Business
KPMG Loses Yet Another Big Client Over Growing Credibility Concerns On The Firm
KCB audit job has been among the highest payers, with remuneration paid by the lender amounting to Sh55 million in the financial year ended December 2019.
Absa Kenya last year also dropped KPMG after two years of auditing its books, dealing it a blow of annual audit fees of between Sh32 million and Sh40 million.
KPMG’s credibility was put to question over work done for controversial Gupta family, which faced corruption investigation in South Africa. KPMG South Africa failed to raise alarms when businesses controlled by the Gupta family friends of President Jacob Zuma diverted the equivalent of $3.3 million of public money to pay for a family wedding and their auditing firm, documents show. They aided money laundering.
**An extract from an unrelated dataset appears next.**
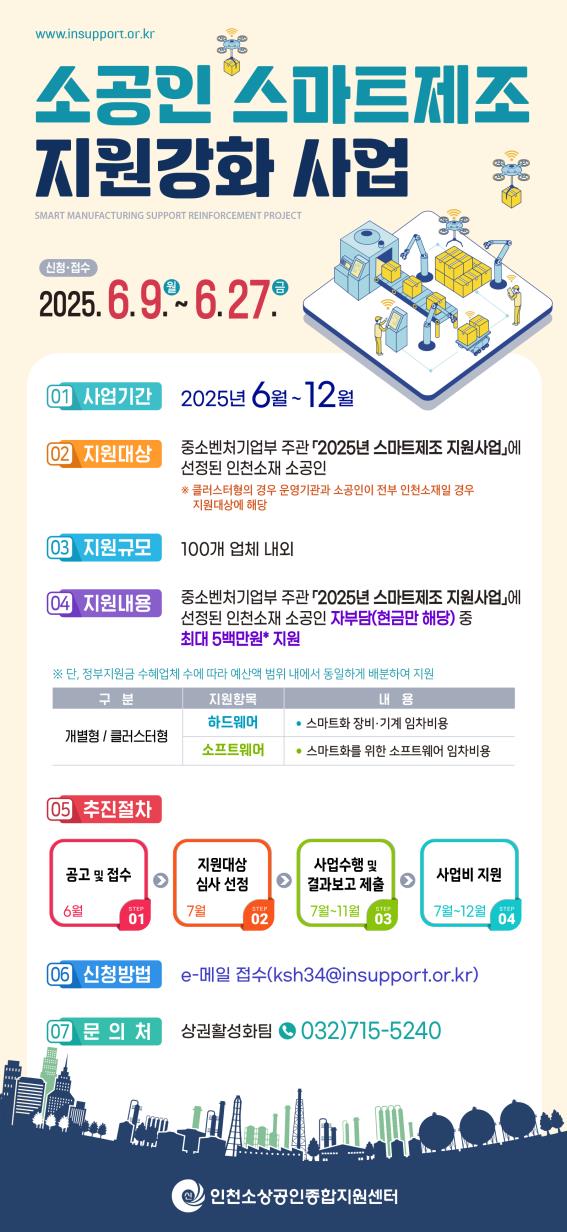 (사진제공=인천시)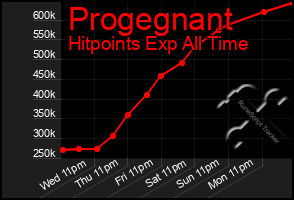 Total Graph of Progegnant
Absa Group, the parent firm of the Kenya unit, also dropped it.
Top banks’ audit jobs are the most lucrative and are usually shared among the Big Four auditors — PwC, Deloitte, EY and KPMG.
For instance, PwC made Sh54 million for auditing Safaricom in the year to March 2019 yet the telco’s profitability is nearly 2.5 times higher than that of KCB. It made Sh39.6 million for auditing East African Breweries.
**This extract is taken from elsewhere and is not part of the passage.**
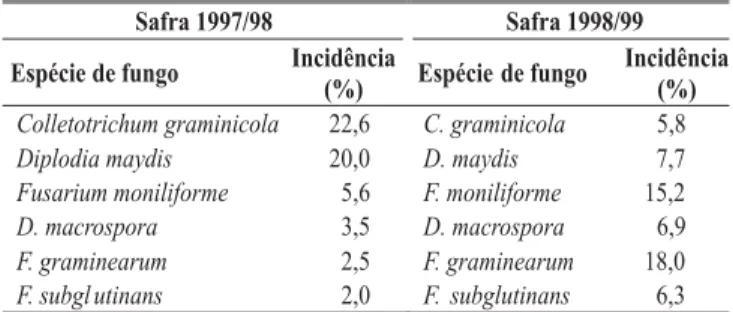TABELA 3 - Incidência média (%) dos principais fungos associados às podridões da base do colmo (PBC) do milho (Zea mays) nas safras 1997/98 e 1998/99 nas regiões do Planalto Médio gaúcho (RS) e dos Campos Gerais do Paraná (PR)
KCB has spent Sh333.05 million on audit remuneration for the last nine years that KPMG has been its principal auditor.
Part of the payment has been going to PwC, Deloitte and Ernst & Young that have been auditing some of KCB’s subsidiaries in the region.
KCB board is set to recommend to shareholders to endorse PwC as new auditors in the virtual annual general meeting set for this Thursday.
“To appoint Messrs PwC, Certified Public Accountants, as the new Auditors of the Company in place of KPMG, Certified Public Accountants whose term expires at the end of this meeting,” reads AGM notice in part.
This will offer PwC a huge revenue boost given that it has historically been auditing National Bank of Kenya alone but will now extend to KCB.
KPMG is leaving at a time the acquisition of NBK by KCB saw audit fees jump from Sh45 million in 2018 to an all-time high of Sh55 million last year.